Yashodhara was inundated with innocent questions that her son, Rahul, kept asking about Buddha, his father. Speechless Yashodhara could not find words to feed his curiosity. She held on to the little child that was reminiscent of her beloved. The one who had left was her husband, her partner, the father of her child. The one who had returned was Buddha, the enlightened one. He did not belong to her or her child. He had a purpose much larger than the palace, or her emotions could hold.
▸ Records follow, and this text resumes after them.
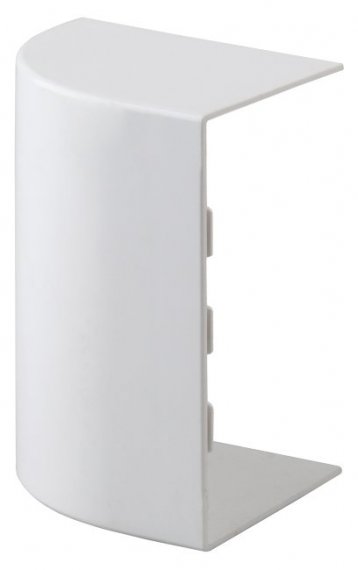 Фотография товара 'Эра Заглушка 40х16 (белый) (100/1000/12000) Б0036064'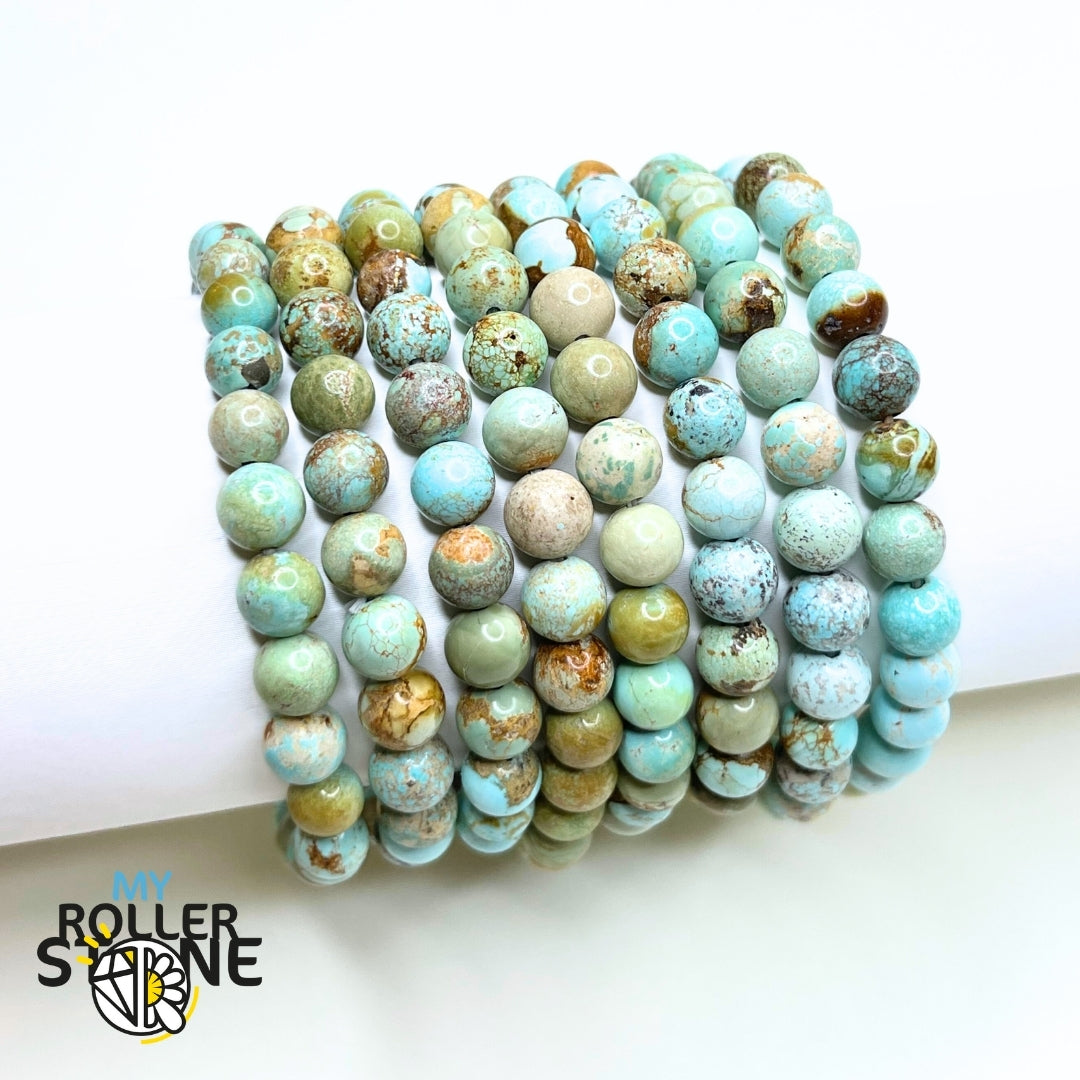 Bracelet Turquoise Pérou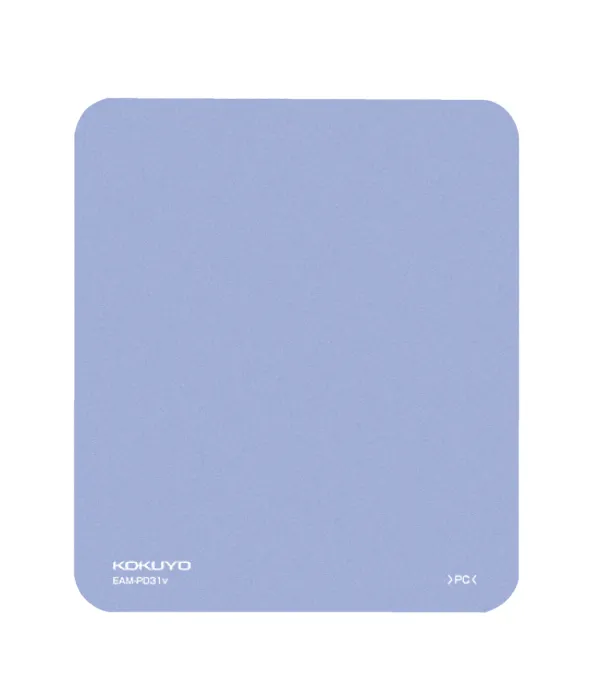 コクヨ マウスパッド 130x150x0.6mm ヴァイオレットの商品画像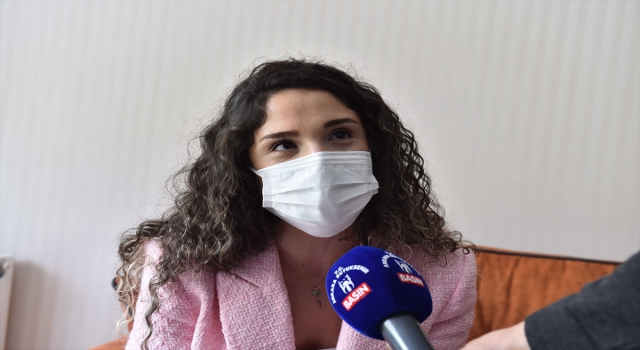 Ankara’da ocak ayında pitbull saldırısına uğrayan 2,5 yaşındaki Bahar, psikolojik destekle travmayı atlattı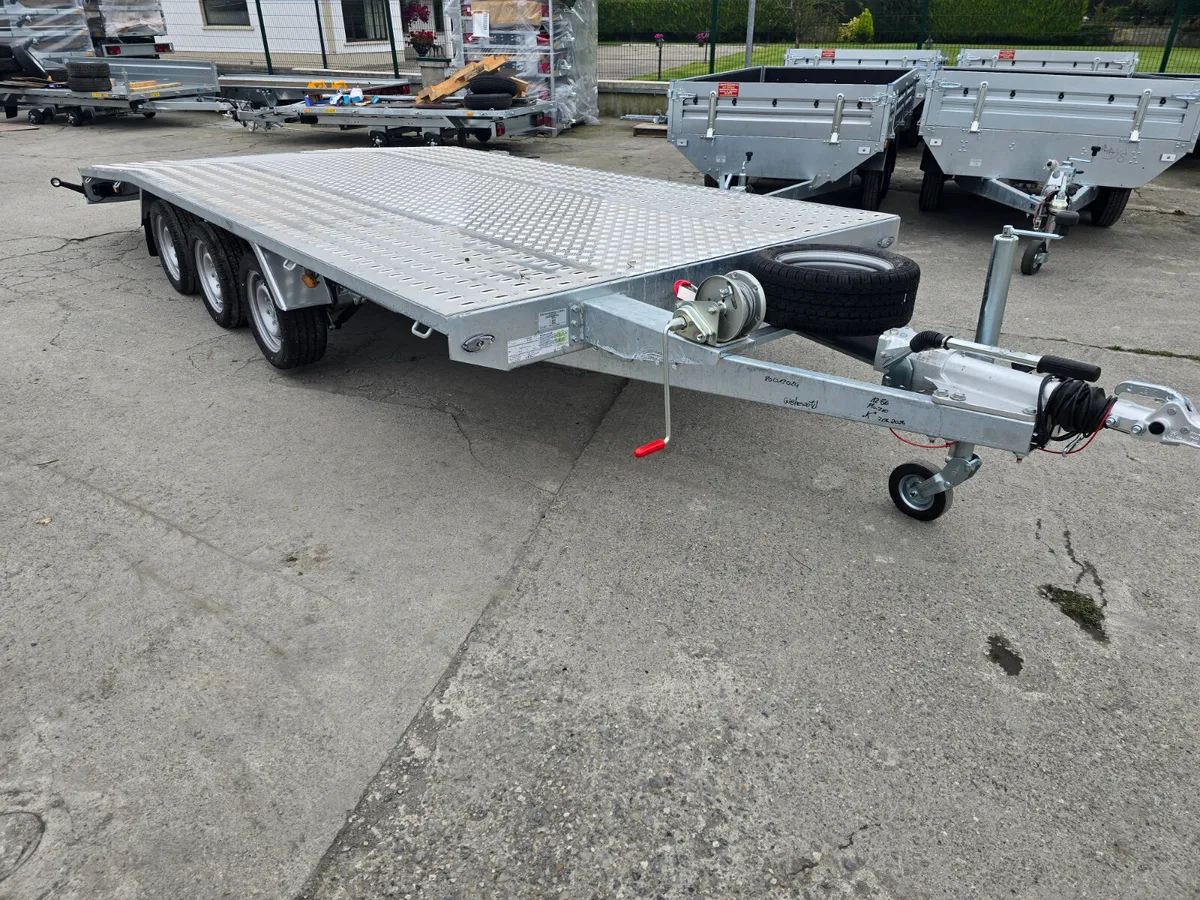 17ft Car Transporter - Image 4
She was learning to let go.

When Rahul entered Sangha to experience the world and wisdom of Dharma that Buddha had sought, Yashodhara knew better, and she let go. In their shared experience of pain and loss, and their quiet acceptance of the present, Mahaprajapathi Gotami and Yashodhara found peace, and a release from pain, from suffering, and from the world as they knew. They found Nirvana. So, when they finally entered the Sangha as bhikkhunis, they learned that by letting go of their attachments, they would be making the world ever richer.

These women stand exemplary to women all around as we dedicate this month in celebration of those who hold half the sky. Let the profound realization sink that from women, Buddhas of this earth come into this world, by women are Buddhas of this earth raised, and through women do Buddhas of this earth find their purpose, lead, and guide us as we seek our strength in quiet contemplation.